- Opening Delimiter -

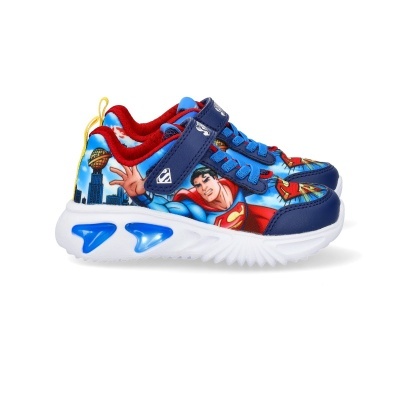 Sapatilhas infantis azuis com estampa do Superman e sola branca com detalhes azuis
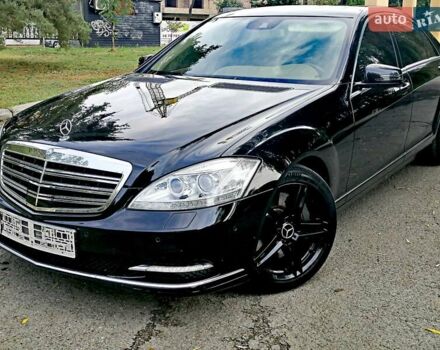 Черный Мерседес С Класс, объемом двигателя 5 л и пробегом 150 тыс. км за 23450 $, фото 18 на Automoto.ua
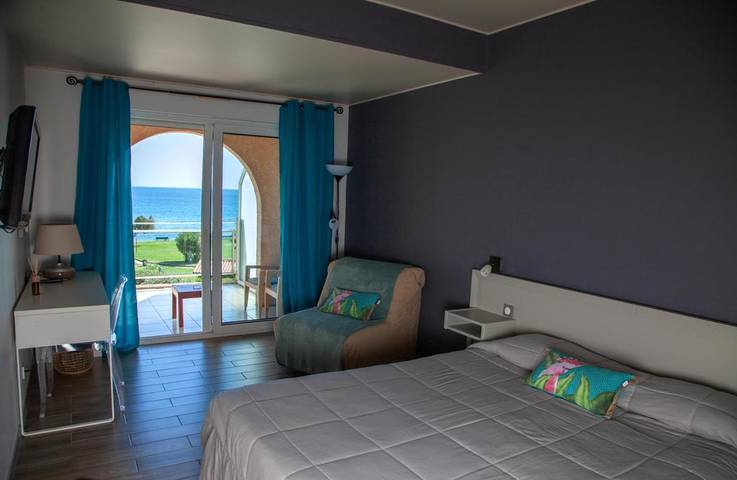 Hôtel pour 2 personnes, avec bassin pour enfant ainsi que jardin et piscine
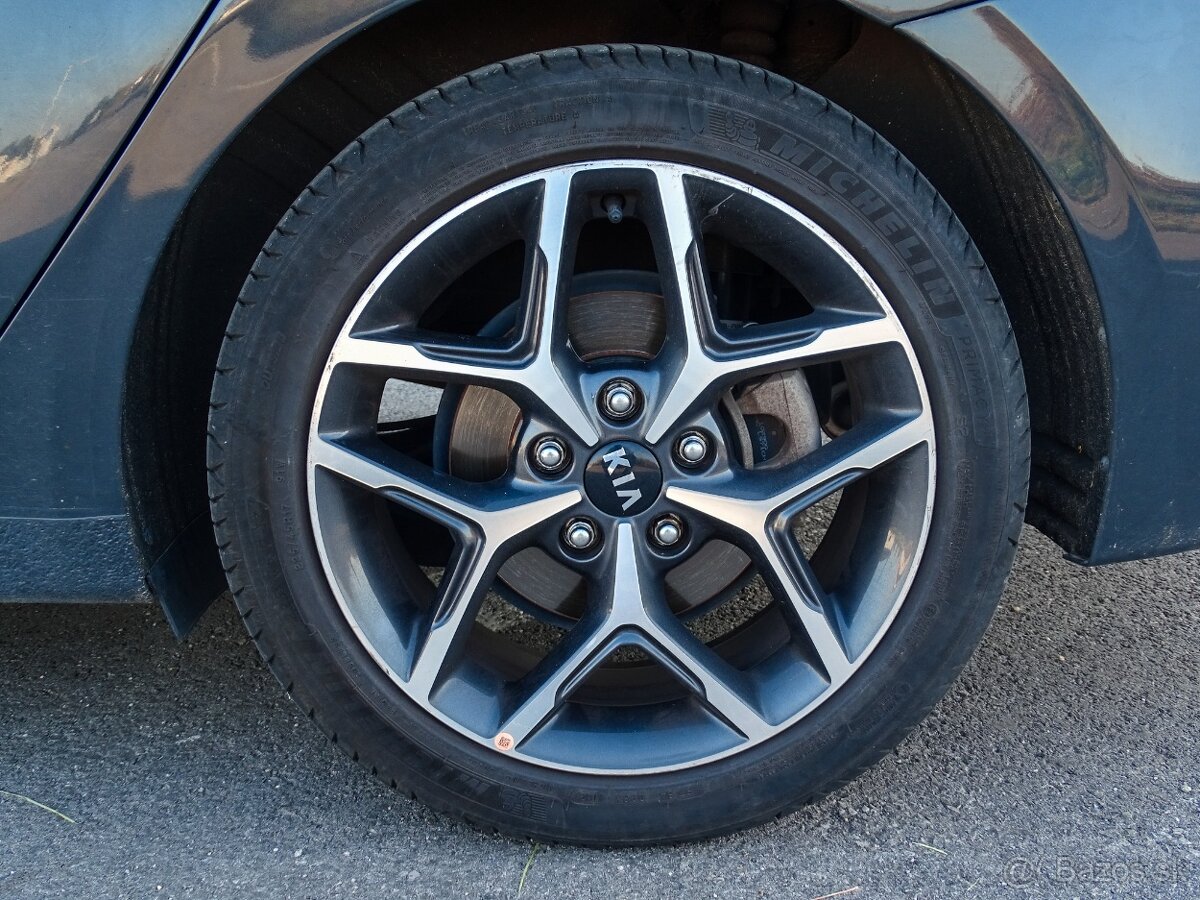 Kia Ceed SW 1.5 T-GDi GT- Line, 1.MAJITEĽ, TOP STAV, MÁLO KM - 8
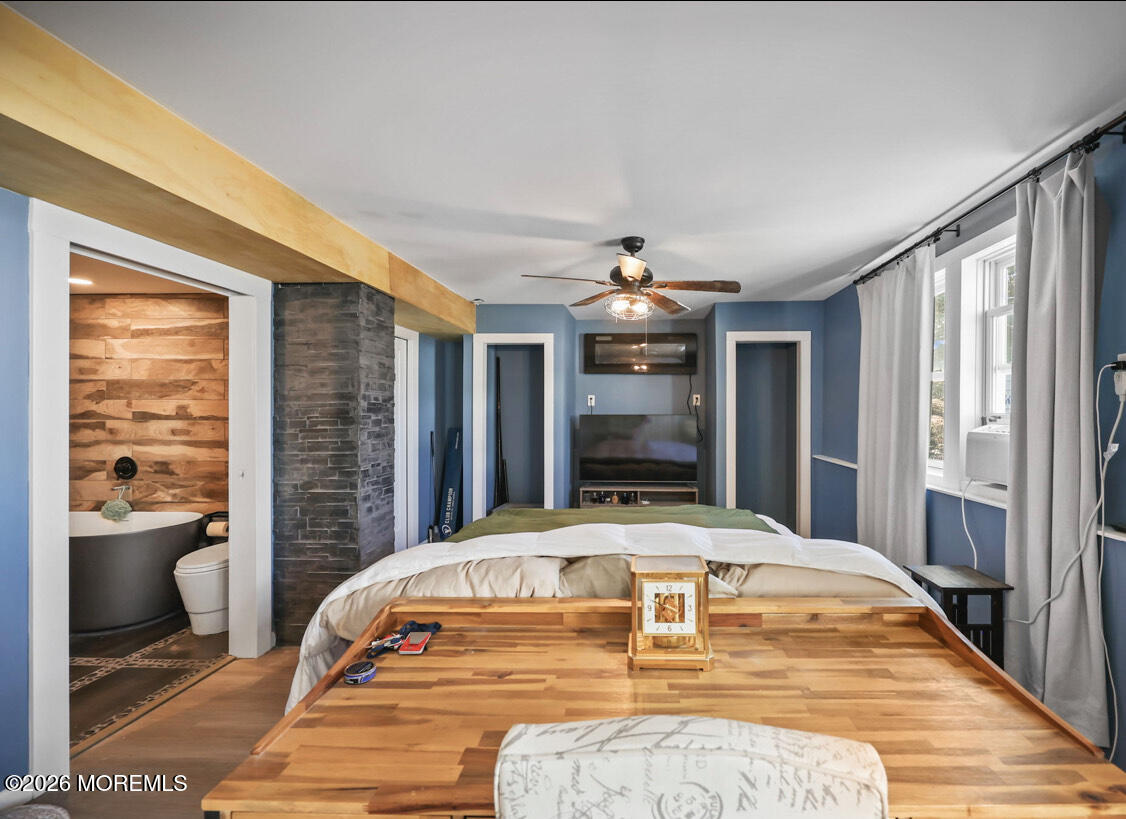 189 Catherine Lane Manahawkin NJ 08050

- Closing Delimiter -

### What you need to do
Transcribe the entries above exactly, from their first line through the line with "Kia Ceed SW", and omit all pictures.

### Exercise output
 Sapatilhas infantis azuis com estampa do Superman e sola branca com detalhes azuis
 Черный Мерседес С Класс, объемом двигателя 5 л и пробегом 150 тыс. км за 23450 $, фото 18 на Automoto.ua
 Hôtel pour 2 personnes, avec bassin pour enfant ainsi que jardin et piscine
 Kia Ceed SW 1.5 T-GDi GT- Line, 1.MAJITEĽ, TOP STAV, MÁLO KM - 8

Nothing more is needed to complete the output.